Why Should Founders Be Concerned?
The PFIC tax regime imposes a significant filing requirement and requires U.S. persons to pay tax on an annual basis, irrespective of if the PFIC distributed any money to the U.S. stockholder. To that end, many U.S. investors requires companies to analyze on an annual basis their PFIC status, and to provide the investor with detailed information (and with tax returns prepared pursuant to the Code) to allow them to correctly prepare the U.S. stockholder tax return. Given that the PFIC rules apply to each U.S. stockholder, respective of the interest such stockholder has in the company, companies must be aware of their PFIC requirements under any investment agreement.

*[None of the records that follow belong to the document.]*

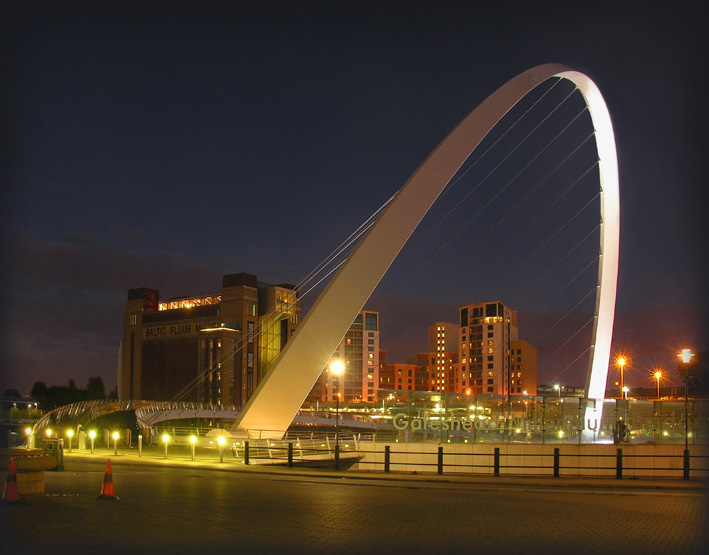 photo "^" tags: architecture, landscape, night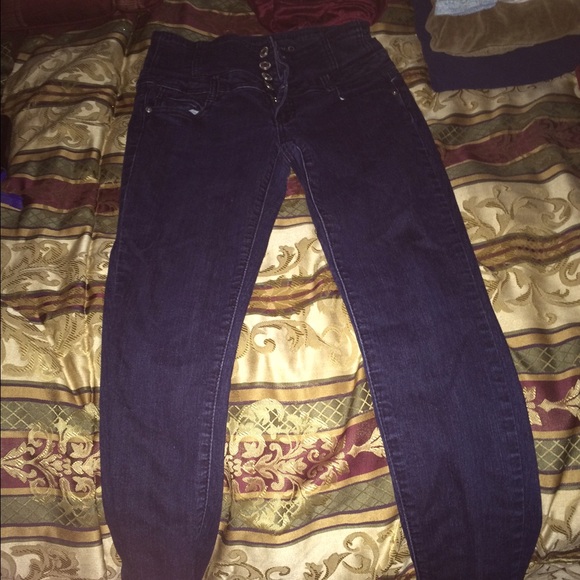 Almost famous high waisted jeans w/ 3 buttons!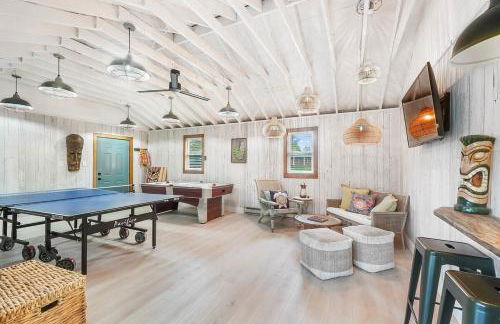 The Sleepy Tiki - game room, tiki lounge, firepit - Foto 6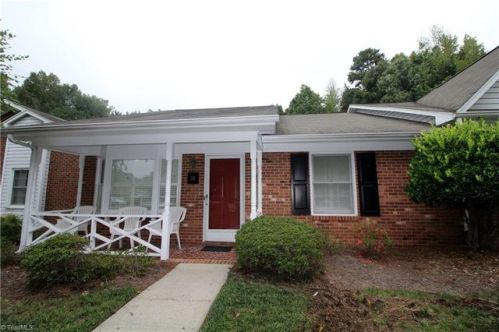 28 Brandy Dr, Greensboro, NC 27409-2330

Why Should Investors Be Concerned?
The PFIC tax regime aims to discourage U.S. persons from forming (or owning) foreign corporations and using that companies to invest in primarily passive investments, thereby attempting to shift income out of the U.S. federal income tax net. Specifically, if a U.S. person is treated as owning an interest in a PFIC that person may be subject to special tax and interest charges upon receipt of an ‘excess distribution.’ Excess distribution consists of certain distributions from, or gain from the disposition of stock in, the PFIC. This special tax and interest charge approximate the U.S. federal income tax that would have been payable if the foreign corporation had distributed all its income every year. The calculation of excess distributions is performed annually and can be complex.
Investments designated as PFICs are subject to strict and extremely complicated tax guidelines by the Internal Revenue Service (“IRS”). The PFIC itself, as well as stockholders, are required to maintain accurate records of all transactions related to the PFIC, such as share cost basis, any dividends received, and undistributed income that the PFIC may earn.
Every non-US corporation, that solicits investments from U.S. persons, is and will be required to provide the investors an annual determination of the company’s PFIC status, and, in some growing number of cases, information about the income of the company, to allow the investor to comply with the U.S. tax rules.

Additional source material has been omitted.